__EXERCISE DIRECTIONS__
Reproduce, with no alteration, the span of lines that begins at the line containing "Elegance 3 piece" and ends at the last line of the records, both ends included, and nothing else.

__SOURCE MATERIAL__
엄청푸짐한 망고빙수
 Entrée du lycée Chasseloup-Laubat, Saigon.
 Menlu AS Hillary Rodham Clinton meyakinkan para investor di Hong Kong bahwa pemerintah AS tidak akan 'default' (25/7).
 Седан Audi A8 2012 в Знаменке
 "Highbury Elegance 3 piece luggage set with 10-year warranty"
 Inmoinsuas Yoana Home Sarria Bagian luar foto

__OUTPUT FOR THIS TASK__
 "Highbury Elegance 3 piece luggage set with 10-year warranty"
 Inmoinsuas Yoana Home Sarria Bagian luar foto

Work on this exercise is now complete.